The core backtracking algorithm is in =find-solutions=. It will recursively
exhaust all subsets. When it finds a subset which adds up to =target-sum=,
it will call the =callback= function - this function can either simply
increase a solution counter, report the current solution to the user, or
store it somewhere for later retrieval.

In the test example above, the callback function is =print-solution= which
increments a solution counter and prints the current solution.

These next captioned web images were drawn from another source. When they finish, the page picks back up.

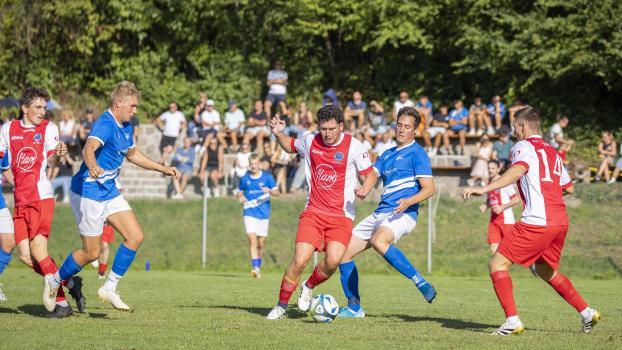Auch heuer gibt es das Derby zwischen Montan (in rot-weiß) und Aldein Petersberg. © Andrea Giacomelli
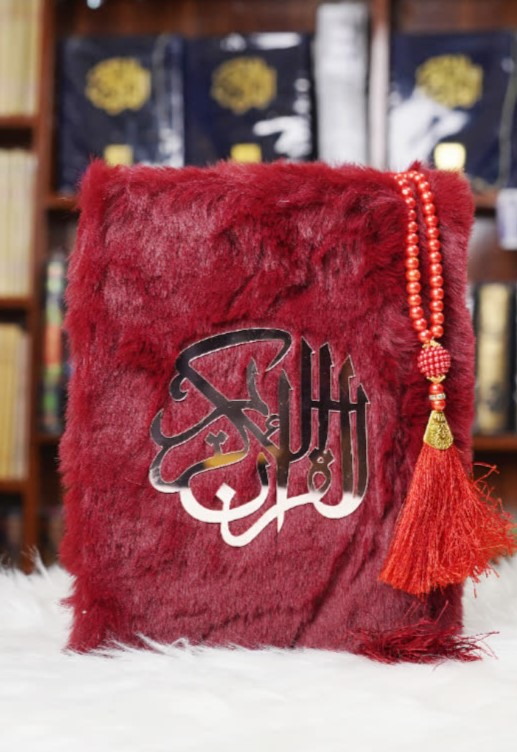 Maroon Fur Quran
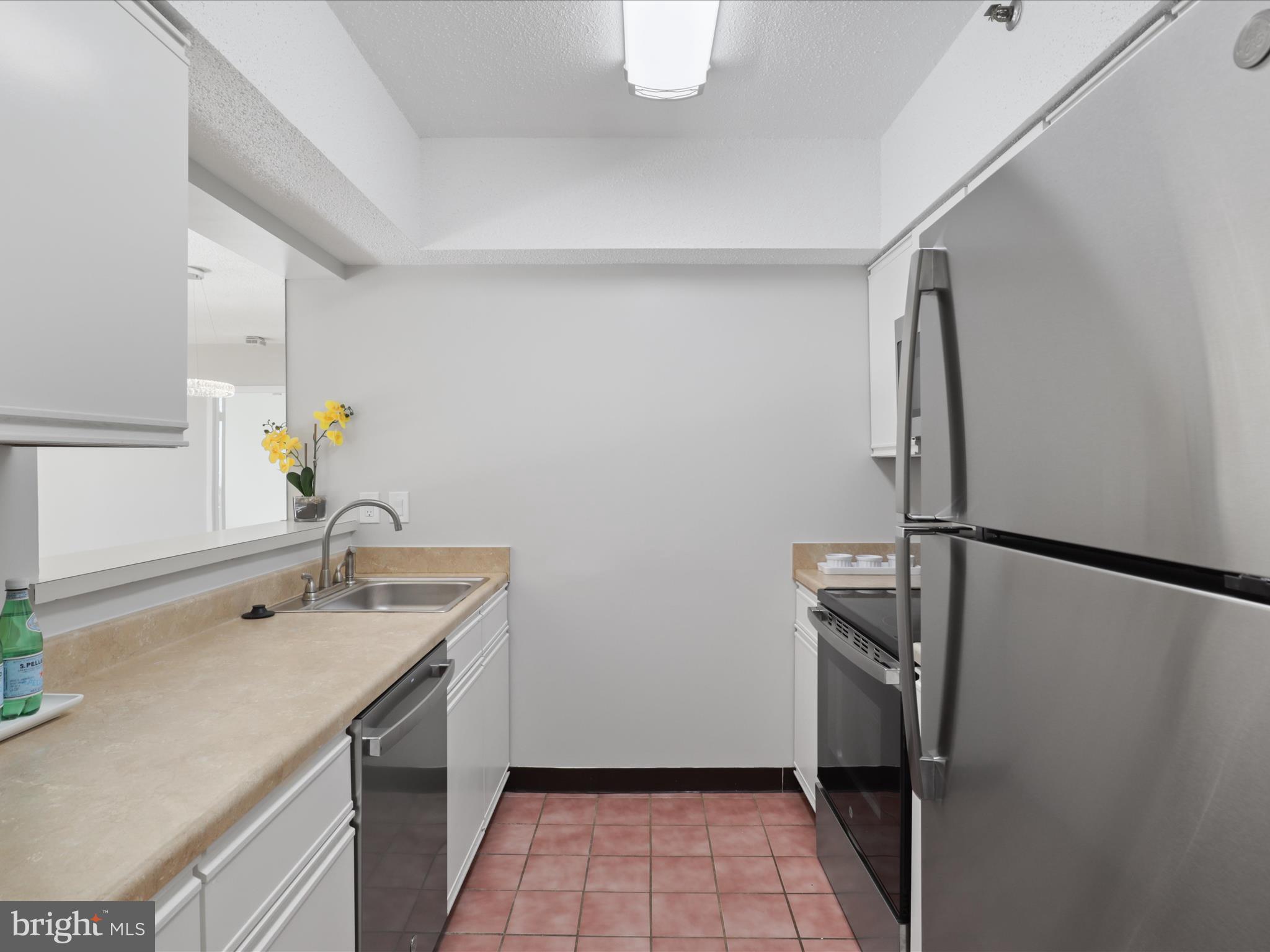 5505 Seminary Road, Unit 1818N Falls Church, VA 22041 - Photo 3 of 41 Gallery Image 3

To test the code, run =subset-sum-test=, providing an array size. This function
will create an array of =numbers= of that size and initialize it with random
values; it will also pick a random =target-sum=. In a real application,
you would replace =subset-sum-test= with a function which gets the array
data from somewhere (for example, from a tools database as in the customer's
case), and lets the user pick a =target-sum=.

-- Main.ClausBrod - 01 Mar 2006

The aforementioned customer would actually have preferred a solution in CoCreate
Drafting's macro language. However, this macro language isn't really
a full-blown programming language (even though it is perfectly adequate
for almost all customization purposes). For instance, its macros cannot return
values, the language doesn't have an array type, and the macro expansion stack
(i.e. the depth of the macro call tree) has a fixed limit - which pretty much
rules out non-trivial amounts of recursion.

While I was considering my options, I also fooled around with VBA,
which resulted in the code presented below. I'm not at all
proficient in VBA, so I'm sure the implementation is lacking, but
anyway - maybe someone out there finds it useful nonetheless ;)

<pre>
Dim solutions As Long
Dim flags() As Boolean
Dim numbers() As Long

Sub findSolutions(k As Long, targetSum As Long)
  If targetSum = 0 Then
    ' we found a solution
    solutions = solutions + 1
    Exit Sub
  End If
  
  If k <= UBound(numbers) Then
    If (targetSum >= numbers(k)) Then
      flags(k) = True
      ' try first by subtracting numbers[k] from targetSum
      Call findSolutions(k + 1, targetSum - numbers(k))
      flags(k) = False
    End If
    
    ' now try without subtracting
    Call findSolutions(k + 1, targetSum)
  End If
End Sub

Sub subsetsum()
  Dim targetSum As Long
  Dim i As Long
  
  Dim arraySize As Long
  arraySize = 25
  ReDim numbers(0 To arraySize - 1)
  ReDim flags(0 To arraySize - 1)
  
  ' initialize numbers array with random entries
  Randomize
  For i = 0 To arraySize - 1
    numbers(i) = Int(1000 * Rnd + 1)
    flags(i) = False
    targetSum = targetSum + numbers(i)
  Next
  targetSum = Int(targetSum / 2)
  
  solutions = 0
  Call findSolutions(0, targetSum)
  MsgBox "Found " + Str(solutions) + " solutions."
End Sub
</pre>

Let's see - we recurse one level for each entry in the array, so with a maximum
array size of 30 (the customer said he was considering a table of 20-30 values),
the recursion depth should never exceed 30. That's not a lot, in fact,
so would this still exceed the macro stack thresholds in <nop>CoCreate Drafting?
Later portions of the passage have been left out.